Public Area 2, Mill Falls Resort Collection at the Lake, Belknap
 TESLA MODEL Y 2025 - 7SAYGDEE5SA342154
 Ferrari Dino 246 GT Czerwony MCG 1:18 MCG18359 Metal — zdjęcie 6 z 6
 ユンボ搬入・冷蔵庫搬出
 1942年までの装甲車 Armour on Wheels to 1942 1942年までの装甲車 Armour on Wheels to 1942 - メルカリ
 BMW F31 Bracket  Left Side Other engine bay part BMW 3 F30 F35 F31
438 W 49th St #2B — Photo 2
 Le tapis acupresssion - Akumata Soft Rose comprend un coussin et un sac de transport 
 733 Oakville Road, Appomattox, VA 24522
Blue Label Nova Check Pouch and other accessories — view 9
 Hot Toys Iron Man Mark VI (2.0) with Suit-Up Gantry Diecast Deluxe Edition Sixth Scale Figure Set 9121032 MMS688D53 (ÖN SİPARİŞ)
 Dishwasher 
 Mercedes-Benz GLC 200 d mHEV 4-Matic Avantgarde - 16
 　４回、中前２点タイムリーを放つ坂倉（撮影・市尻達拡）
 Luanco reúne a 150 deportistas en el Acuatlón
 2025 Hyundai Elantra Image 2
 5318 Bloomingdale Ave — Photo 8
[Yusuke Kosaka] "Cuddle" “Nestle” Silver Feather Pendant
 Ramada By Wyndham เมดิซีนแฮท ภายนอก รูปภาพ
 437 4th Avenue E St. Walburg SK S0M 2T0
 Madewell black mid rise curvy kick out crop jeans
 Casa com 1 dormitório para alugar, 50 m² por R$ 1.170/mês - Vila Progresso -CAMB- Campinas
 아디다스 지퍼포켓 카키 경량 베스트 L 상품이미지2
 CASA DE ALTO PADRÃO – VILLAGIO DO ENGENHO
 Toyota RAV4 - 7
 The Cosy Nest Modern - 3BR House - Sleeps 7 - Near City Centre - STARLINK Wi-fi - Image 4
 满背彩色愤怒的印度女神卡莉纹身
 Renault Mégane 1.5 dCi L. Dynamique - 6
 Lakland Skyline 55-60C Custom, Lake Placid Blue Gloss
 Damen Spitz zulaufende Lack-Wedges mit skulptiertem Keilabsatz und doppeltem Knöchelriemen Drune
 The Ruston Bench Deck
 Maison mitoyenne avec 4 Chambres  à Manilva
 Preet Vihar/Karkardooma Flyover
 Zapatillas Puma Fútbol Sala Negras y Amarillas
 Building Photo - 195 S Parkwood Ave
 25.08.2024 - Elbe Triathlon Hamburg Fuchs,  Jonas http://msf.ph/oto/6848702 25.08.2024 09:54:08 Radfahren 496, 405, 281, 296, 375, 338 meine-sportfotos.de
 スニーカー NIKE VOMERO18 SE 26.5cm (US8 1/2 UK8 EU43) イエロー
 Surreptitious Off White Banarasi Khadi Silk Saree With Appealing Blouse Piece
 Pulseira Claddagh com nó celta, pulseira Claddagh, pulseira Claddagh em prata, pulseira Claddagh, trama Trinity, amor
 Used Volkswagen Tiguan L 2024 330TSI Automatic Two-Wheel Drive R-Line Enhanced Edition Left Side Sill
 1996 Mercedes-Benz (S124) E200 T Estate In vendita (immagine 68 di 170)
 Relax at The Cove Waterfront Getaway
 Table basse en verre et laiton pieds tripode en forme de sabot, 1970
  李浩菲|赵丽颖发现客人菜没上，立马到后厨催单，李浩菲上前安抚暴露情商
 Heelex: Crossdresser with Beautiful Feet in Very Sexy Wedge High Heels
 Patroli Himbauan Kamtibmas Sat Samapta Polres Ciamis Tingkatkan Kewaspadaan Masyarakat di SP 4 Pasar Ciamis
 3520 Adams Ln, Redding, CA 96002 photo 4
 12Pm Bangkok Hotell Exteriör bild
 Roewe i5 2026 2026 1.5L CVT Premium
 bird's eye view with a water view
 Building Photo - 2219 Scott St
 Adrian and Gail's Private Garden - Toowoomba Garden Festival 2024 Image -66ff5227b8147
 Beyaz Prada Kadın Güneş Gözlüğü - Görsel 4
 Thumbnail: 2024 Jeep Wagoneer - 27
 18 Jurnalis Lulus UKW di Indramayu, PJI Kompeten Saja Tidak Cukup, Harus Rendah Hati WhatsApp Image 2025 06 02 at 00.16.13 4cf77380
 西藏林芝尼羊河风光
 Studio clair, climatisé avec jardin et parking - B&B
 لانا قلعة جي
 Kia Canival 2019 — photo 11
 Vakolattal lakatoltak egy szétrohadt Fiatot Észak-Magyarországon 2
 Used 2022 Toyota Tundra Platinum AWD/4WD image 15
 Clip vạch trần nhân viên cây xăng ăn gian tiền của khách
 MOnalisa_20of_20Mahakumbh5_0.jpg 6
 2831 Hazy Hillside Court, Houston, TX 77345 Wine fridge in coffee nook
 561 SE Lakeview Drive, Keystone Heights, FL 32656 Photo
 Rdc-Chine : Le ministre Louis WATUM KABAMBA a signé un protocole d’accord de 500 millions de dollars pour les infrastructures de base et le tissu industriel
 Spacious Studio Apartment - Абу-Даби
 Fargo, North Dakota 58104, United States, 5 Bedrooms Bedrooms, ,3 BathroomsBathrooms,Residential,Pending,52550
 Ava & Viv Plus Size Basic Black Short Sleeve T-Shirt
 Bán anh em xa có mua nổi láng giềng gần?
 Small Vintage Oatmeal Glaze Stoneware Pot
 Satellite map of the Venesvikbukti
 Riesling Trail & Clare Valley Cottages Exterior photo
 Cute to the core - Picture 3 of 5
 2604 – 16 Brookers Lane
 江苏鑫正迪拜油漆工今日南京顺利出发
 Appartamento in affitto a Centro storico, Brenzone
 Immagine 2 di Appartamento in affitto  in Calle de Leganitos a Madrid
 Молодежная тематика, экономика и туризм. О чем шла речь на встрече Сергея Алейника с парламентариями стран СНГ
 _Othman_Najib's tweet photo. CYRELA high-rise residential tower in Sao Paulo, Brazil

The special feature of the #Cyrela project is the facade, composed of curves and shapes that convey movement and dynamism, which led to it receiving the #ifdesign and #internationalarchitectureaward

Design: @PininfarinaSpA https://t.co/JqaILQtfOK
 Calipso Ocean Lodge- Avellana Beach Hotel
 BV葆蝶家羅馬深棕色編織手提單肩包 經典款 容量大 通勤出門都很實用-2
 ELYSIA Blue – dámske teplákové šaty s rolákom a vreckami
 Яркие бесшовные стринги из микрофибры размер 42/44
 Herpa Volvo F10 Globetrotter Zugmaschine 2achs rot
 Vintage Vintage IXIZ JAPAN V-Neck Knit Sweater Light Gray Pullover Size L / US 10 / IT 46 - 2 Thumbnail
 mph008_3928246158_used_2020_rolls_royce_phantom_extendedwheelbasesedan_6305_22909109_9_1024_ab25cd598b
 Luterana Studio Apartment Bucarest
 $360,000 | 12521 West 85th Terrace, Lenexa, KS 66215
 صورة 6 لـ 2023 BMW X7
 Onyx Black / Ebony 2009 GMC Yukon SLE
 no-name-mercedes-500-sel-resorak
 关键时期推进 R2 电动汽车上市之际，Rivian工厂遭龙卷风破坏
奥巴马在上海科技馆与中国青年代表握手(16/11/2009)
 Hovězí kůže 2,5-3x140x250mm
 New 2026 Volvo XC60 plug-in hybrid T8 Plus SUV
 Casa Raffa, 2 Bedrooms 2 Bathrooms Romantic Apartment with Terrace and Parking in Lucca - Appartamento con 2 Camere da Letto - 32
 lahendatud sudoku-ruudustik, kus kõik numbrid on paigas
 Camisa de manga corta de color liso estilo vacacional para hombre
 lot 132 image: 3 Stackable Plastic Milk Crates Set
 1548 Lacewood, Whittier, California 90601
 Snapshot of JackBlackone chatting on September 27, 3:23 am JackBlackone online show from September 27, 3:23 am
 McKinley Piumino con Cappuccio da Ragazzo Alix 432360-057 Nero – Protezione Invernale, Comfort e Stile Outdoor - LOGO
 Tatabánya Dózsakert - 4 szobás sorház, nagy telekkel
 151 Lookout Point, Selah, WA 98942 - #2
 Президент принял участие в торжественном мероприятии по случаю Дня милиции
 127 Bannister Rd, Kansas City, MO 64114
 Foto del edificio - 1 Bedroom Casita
----------------
**Try it**
The output should be exactly the lines above from the line containing "Spacious Studio Apartment - Абу-Даби" to the line containing "lahendatud sudoku-ruudustik, kus", inclusive, with no other lines.

**Result of this exercise**
 Spacious Studio Apartment - Абу-Даби
 Fargo, North Dakota 58104, United States, 5 Bedrooms Bedrooms, ,3 BathroomsBathrooms,Residential,Pending,52550
 Ava & Viv Plus Size Basic Black Short Sleeve T-Shirt
 Bán anh em xa có mua nổi láng giềng gần?
 Small Vintage Oatmeal Glaze Stoneware Pot
 Satellite map of the Venesvikbukti
 Riesling Trail & Clare Valley Cottages Exterior photo
 Cute to the core - Picture 3 of 5
 2604 – 16 Brookers Lane
 江苏鑫正迪拜油漆工今日南京顺利出发
 Appartamento in affitto a Centro storico, Brenzone
 Immagine 2 di Appartamento in affitto  in Calle de Leganitos a Madrid
 Молодежная тематика, экономика и туризм. О чем шла речь на встрече Сергея Алейника с парламентариями стран СНГ
 _Othman_Najib's tweet photo. CYRELA high-rise residential tower in Sao Paulo, Brazil

The special feature of the #Cyrela project is the facade, composed of curves and shapes that convey movement and dynamism, which led to it receiving the #ifdesign and #internationalarchitectureaward

Design: @PininfarinaSpA https://t.co/JqaILQtfOK
 Calipso Ocean Lodge- Avellana Beach Hotel
 BV葆蝶家羅馬深棕色編織手提單肩包 經典款 容量大 通勤出門都很實用-2
 ELYSIA Blue – dámske teplákové šaty s rolákom a vreckami
 Яркие бесшовные стринги из микрофибры размер 42/44
 Herpa Volvo F10 Globetrotter Zugmaschine 2achs rot
 Vintage Vintage IXIZ JAPAN V-Neck Knit Sweater Light Gray Pullover Size L / US 10 / IT 46 - 2 Thumbnail
 mph008_3928246158_used_2020_rolls_royce_phantom_extendedwheelbasesedan_6305_22909109_9_1024_ab25cd598b
 Luterana Studio Apartment Bucarest
 $360,000 | 12521 West 85th Terrace, Lenexa, KS 66215
 صورة 6 لـ 2023 BMW X7
 Onyx Black / Ebony 2009 GMC Yukon SLE
 no-name-mercedes-500-sel-resorak
 关键时期推进 R2 电动汽车上市之际，Rivian工厂遭龙卷风破坏
奥巴马在上海科技馆与中国青年代表握手(16/11/2009)
 Hovězí kůže 2,5-3x140x250mm
 New 2026 Volvo XC60 plug-in hybrid T8 Plus SUV
 Casa Raffa, 2 Bedrooms 2 Bathrooms Romantic Apartment with Terrace and Parking in Lucca - Appartamento con 2 Camere da Letto - 32
 lahendatud sudoku-ruudustik, kus kõik numbrid on paigas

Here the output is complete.